* [What this task involves]
Please print every line of the listing, unchanged.

* [Working data]
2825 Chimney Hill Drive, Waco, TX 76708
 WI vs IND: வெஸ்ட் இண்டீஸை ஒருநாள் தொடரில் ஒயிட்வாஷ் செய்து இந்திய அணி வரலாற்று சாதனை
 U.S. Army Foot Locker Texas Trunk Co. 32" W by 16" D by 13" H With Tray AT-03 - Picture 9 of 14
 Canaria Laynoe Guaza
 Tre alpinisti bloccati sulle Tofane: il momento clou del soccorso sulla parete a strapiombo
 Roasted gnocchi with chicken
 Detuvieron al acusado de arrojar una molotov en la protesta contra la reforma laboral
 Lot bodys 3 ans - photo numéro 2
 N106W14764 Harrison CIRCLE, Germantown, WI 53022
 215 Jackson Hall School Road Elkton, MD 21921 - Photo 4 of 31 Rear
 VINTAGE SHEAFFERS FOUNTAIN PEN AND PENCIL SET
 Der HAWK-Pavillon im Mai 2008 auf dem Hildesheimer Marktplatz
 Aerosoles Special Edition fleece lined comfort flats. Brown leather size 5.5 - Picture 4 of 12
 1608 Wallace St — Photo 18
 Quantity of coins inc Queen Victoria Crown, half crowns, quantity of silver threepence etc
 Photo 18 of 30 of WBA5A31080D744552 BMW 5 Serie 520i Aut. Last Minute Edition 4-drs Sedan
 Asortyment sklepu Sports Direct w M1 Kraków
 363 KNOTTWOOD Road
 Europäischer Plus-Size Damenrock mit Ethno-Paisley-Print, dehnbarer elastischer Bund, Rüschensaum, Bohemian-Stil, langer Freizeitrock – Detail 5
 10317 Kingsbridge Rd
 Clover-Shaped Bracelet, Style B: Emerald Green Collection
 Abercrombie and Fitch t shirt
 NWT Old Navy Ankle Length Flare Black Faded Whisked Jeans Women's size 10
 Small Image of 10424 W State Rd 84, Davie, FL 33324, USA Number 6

* [Answer below]
2825 Chimney Hill Drive, Waco, TX 76708
 WI vs IND: வெஸ்ட் இண்டீஸை ஒருநாள் தொடரில் ஒயிட்வாஷ் செய்து இந்திய அணி வரலாற்று சாதனை
 U.S. Army Foot Locker Texas Trunk Co. 32" W by 16" D by 13" H With Tray AT-03 - Picture 9 of 14
 Canaria Laynoe Guaza
 Tre alpinisti bloccati sulle Tofane: il momento clou del soccorso sulla parete a strapiombo
 Roasted gnocchi with chicken
 Detuvieron al acusado de arrojar una molotov en la protesta contra la reforma laboral
 Lot bodys 3 ans - photo numéro 2
 N106W14764 Harrison CIRCLE, Germantown, WI 53022
 215 Jackson Hall School Road Elkton, MD 21921 - Photo 4 of 31 Rear
 VINTAGE SHEAFFERS FOUNTAIN PEN AND PENCIL SET
 Der HAWK-Pavillon im Mai 2008 auf dem Hildesheimer Marktplatz
 Aerosoles Special Edition fleece lined comfort flats. Brown leather size 5.5 - Picture 4 of 12
 1608 Wallace St — Photo 18
 Quantity of coins inc Queen Victoria Crown, half crowns, quantity of silver threepence etc
 Photo 18 of 30 of WBA5A31080D744552 BMW 5 Serie 520i Aut. Last Minute Edition 4-drs Sedan
 Asortyment sklepu Sports Direct w M1 Kraków
 363 KNOTTWOOD Road
 Europäischer Plus-Size Damenrock mit Ethno-Paisley-Print, dehnbarer elastischer Bund, Rüschensaum, Bohemian-Stil, langer Freizeitrock – Detail 5
 10317 Kingsbridge Rd
 Clover-Shaped Bracelet, Style B: Emerald Green Collection
 Abercrombie and Fitch t shirt
 NWT Old Navy Ankle Length Flare Black Faded Whisked Jeans Women's size 10
 Small Image of 10424 W State Rd 84, Davie, FL 33324, USA Number 6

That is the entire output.